When we did the dissolvable bag, we had a number of comments from people querying various aspects of the process. In the light of those, here are a few points to bear in mind about this one. Please read before posting:

*The bag is for subscriber issues only. You won’t find it on the newsstand. As with everything that goes through the post, we need to put the magazine in some form of packaging before sending it out – both to protect it and to give us somewhere to put address and postage information. Sending magazines through the mail without any packaging at all is not an option.

*This, as with the other things we have done with Cyberpac, is just an experiment as we explore our options for sending out the magazine in a more environmentally friendly, and interesting, way than the standard polybag. We are discussing long-term solutions with Cyberpac. We are also aware that the bags that the magazine go out in are just part of the production process of the magazine. There are all manner of other areas to look at (ink, paper, water, transport etc) – as we documented in our April 2007 issue.

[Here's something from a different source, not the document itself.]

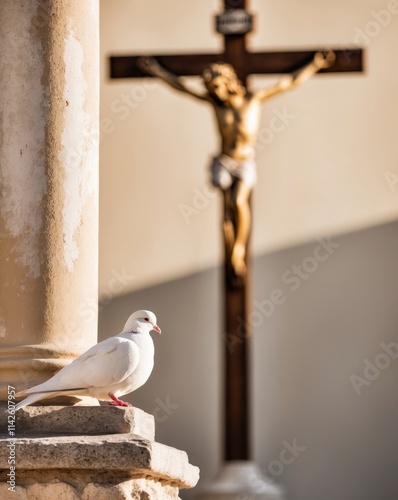 Dove Rests on Stone Pillar Before Sunlit Crucifix photo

* No, you don’t have to go through the whole rigmarole of growing tomatoes in your bag. You can just bury it somewhere. We just thought it might be fun.

* Yes, the inks used on the bag are biodegradable.

* From Cyberpac; “To be classed ‘compostable’, a material must meet the stringent EN 13432 standard. The testing process involves mixing the material with organic waste and leaving it for 12 weeks under commercial composting conditions.

After this time the material must show evidence of being biodegraded due to microbial action. This means breaking down into water, carbon dioxide and biomass, rather than just breaking up into pieces, as degradable oil-based plastics do. To meet the standard, less than 10% of the remaining fragments are allowed to be larger than two millimetres.

The composted material is then tested for toxicity, to make sure it’s suitable to grow food crops. Finally, it’s sown with summer barley to check that it will support plant life.”